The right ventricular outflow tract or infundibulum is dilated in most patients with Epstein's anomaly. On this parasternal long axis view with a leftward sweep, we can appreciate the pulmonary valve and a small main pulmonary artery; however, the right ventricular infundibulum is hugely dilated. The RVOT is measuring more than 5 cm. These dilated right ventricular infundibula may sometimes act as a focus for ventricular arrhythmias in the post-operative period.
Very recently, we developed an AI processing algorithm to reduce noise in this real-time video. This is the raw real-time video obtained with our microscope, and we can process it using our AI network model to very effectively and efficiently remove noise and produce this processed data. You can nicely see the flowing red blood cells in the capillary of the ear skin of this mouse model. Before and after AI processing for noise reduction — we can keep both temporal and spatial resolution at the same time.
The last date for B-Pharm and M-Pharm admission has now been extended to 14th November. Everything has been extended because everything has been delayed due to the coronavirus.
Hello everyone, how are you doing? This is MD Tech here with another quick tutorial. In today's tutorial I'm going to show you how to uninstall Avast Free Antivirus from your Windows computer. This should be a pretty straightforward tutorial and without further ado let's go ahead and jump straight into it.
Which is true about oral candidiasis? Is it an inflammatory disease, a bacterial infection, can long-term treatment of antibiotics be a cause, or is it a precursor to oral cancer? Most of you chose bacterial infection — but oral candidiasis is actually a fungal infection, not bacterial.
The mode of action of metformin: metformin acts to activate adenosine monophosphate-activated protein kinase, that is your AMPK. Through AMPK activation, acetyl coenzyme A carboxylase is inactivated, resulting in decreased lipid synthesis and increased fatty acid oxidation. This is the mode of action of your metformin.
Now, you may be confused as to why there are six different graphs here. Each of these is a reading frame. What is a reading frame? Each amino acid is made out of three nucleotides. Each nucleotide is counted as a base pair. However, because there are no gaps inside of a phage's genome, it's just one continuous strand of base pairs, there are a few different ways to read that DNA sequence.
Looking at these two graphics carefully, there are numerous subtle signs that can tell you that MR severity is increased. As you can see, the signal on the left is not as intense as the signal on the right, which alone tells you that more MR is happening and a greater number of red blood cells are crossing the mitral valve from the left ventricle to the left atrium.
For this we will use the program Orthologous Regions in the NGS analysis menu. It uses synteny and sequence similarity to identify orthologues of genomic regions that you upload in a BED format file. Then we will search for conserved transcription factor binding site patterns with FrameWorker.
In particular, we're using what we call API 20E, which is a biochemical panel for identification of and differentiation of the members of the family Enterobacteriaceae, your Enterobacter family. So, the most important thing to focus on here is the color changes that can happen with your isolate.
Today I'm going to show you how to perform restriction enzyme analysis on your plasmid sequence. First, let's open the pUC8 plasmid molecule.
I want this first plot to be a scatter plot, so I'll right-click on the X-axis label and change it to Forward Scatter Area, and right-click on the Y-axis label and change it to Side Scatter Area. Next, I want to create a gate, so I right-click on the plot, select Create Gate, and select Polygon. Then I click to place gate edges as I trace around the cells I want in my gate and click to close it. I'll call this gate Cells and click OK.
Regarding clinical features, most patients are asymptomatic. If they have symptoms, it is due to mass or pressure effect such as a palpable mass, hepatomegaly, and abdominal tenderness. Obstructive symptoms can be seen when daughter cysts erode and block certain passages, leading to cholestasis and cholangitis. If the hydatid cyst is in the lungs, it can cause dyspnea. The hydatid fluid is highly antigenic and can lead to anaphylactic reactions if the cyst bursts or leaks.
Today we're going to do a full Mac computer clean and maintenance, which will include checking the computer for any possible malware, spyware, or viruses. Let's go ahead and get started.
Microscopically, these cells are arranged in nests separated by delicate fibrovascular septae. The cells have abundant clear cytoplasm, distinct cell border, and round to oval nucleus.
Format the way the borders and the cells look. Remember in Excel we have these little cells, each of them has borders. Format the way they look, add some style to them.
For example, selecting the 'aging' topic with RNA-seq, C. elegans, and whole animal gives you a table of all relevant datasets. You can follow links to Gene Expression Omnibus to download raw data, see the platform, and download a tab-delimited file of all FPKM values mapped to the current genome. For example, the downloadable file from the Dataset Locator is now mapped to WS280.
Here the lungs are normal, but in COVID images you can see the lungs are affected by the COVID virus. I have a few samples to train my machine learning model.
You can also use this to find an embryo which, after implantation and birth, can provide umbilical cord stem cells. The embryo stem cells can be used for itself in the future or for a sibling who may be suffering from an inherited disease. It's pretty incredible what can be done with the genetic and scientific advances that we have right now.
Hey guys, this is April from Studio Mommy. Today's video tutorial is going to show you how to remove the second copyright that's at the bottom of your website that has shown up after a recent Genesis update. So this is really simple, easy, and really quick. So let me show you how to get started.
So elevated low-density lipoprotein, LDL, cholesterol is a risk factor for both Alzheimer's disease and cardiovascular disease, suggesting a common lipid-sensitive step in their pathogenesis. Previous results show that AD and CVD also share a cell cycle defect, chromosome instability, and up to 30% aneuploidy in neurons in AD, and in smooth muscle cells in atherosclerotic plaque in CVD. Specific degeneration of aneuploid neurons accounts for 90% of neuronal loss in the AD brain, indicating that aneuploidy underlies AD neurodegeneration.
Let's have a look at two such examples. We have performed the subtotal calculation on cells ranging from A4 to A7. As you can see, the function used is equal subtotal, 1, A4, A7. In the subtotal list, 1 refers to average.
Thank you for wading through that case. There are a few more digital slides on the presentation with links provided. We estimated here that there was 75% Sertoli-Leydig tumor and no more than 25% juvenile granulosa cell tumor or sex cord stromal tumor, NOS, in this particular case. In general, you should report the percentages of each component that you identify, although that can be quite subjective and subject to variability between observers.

#### WORK INSTRUCTIONS:
Among the entries above, the lines between the ones containing "I want this" and "Microscopically, these cells", inclusive, are to be transcribed exactly. No other line is to be given.

#### RESULT BELOW:
I want this first plot to be a scatter plot, so I'll right-click on the X-axis label and change it to Forward Scatter Area, and right-click on the Y-axis label and change it to Side Scatter Area. Next, I want to create a gate, so I right-click on the plot, select Create Gate, and select Polygon. Then I click to place gate edges as I trace around the cells I want in my gate and click to close it. I'll call this gate Cells and click OK.
Regarding clinical features, most patients are asymptomatic. If they have symptoms, it is due to mass or pressure effect such as a palpable mass, hepatomegaly, and abdominal tenderness. Obstructive symptoms can be seen when daughter cysts erode and block certain passages, leading to cholestasis and cholangitis. If the hydatid cyst is in the lungs, it can cause dyspnea. The hydatid fluid is highly antigenic and can lead to anaphylactic reactions if the cyst bursts or leaks.
Today we're going to do a full Mac computer clean and maintenance, which will include checking the computer for any possible malware, spyware, or viruses. Let's go ahead and get started.
Microscopically, these cells are arranged in nests separated by delicate fibrovascular septae. The cells have abundant clear cytoplasm, distinct cell border, and round to oval nucleus.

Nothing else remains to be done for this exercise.